The much anticipated Longbridge Light Festival (LLF), which at the time was the first of its kind in Birmingham, attracted close to 6000 visitors when it made its first appearance in 2014.
The festival is part of the Longbridge Public Art Project (LPAP), produced by arts organisation WERK and supported by the UK’s leading regeneration specialist, St. Modwen. It also coincides with St. Modwen’s 30th anniversary.
The event takes place in the ever impressive newly regenerated Longbridge Town Centre on Saturday 22nd October, between 6pm and 10pm.
Not only does it have something for everybody to enjoy, it’s accessible to all and 100% free to attend.
With family workshops, outdoor lighting installations, a parade and artworks from local and globally based artists, this years (LLF) promises to surpass the success of the previous.
Mike Murray, development director at St.

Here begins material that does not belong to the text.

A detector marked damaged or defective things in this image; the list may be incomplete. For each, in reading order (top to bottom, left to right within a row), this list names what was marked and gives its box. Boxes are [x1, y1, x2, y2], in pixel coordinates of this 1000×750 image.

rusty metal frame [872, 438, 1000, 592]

Modwen, said: “The regeneration of Longbridge –which includes the £100 million Town Centre at its heart – is about putting the area on the map, and internationally recognised events such as the Light Festival do exactly that.”

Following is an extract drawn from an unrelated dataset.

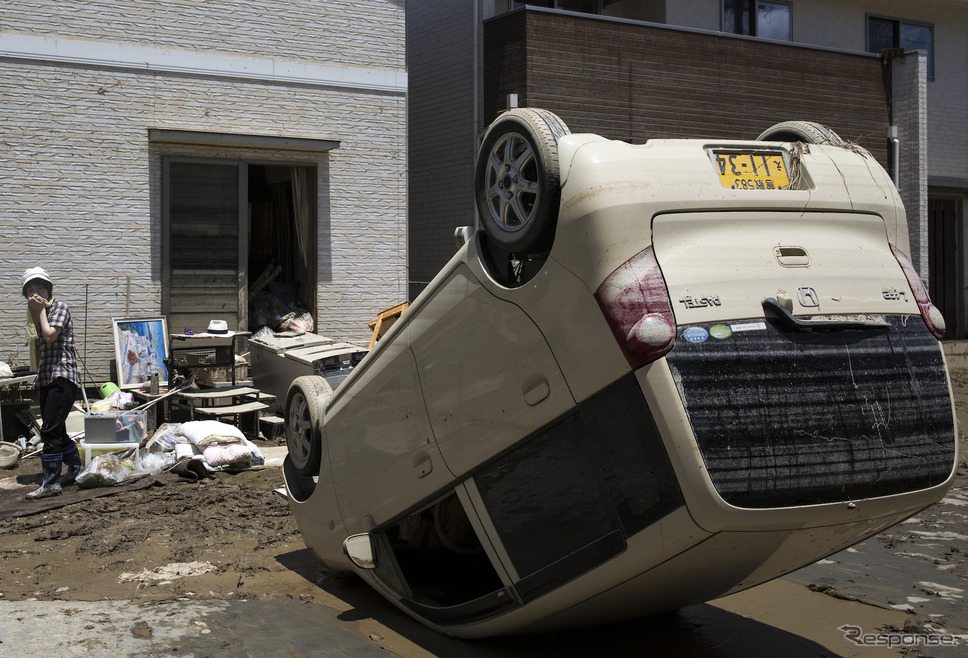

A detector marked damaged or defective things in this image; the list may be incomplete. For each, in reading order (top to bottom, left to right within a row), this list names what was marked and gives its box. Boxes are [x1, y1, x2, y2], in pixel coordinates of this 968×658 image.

overturned white car [284, 107, 956, 636]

Claire Farrell, WERK Artistic Director and Festival Curator, said: “The 2016 festival is the finale of the ongoing five year Longbridge Public Art Project (LPAP). We are delighted that we are able produce another festival with the support of Arts Council West Midlands, Birmingham City Council, St. Modwen and Bournville College.

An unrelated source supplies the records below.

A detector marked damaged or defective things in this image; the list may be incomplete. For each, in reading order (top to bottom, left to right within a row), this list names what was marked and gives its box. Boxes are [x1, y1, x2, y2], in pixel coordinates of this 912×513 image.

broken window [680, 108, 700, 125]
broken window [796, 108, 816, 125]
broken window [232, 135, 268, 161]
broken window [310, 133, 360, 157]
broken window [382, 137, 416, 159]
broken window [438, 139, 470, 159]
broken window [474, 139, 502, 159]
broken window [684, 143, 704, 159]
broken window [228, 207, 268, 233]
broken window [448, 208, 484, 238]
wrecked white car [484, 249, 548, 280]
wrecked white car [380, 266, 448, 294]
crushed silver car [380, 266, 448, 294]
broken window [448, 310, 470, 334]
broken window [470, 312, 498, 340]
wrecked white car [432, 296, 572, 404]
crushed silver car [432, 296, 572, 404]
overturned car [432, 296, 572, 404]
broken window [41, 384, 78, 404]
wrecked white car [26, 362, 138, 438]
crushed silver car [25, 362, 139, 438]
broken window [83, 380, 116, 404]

“Longbridge’s past, present and future is the ongoing frame of reference for the project and new work will be created in response to this year’s festival theme Shadow Factory – a poetic nod to the area’s industrial heritage and wartime past as well as a metaphor for the hidden depths of a place, the stories that lie beneath its surface.”
The Longbridge Light festival is a true celebration of what was, what is, and what will be for the people and the area of Longbridge.
Don’t just attend, be a part of the Longbridge Light festival Community Parade.
The parade is called ‘Our lives begin to end the day we become silent about things that matter’ (taken from a quote by Martin Luther King) and is being created by artist duo General Public (Elizabeth Rowe and Chris Poolman).
Whether you are an individual, part of a community group or school, you can either hold a flag, placard or be a fire torch bearer (Please note under 18’s must be accompanied by an adult and you will need to be over 18 to be a fire torch bearer.)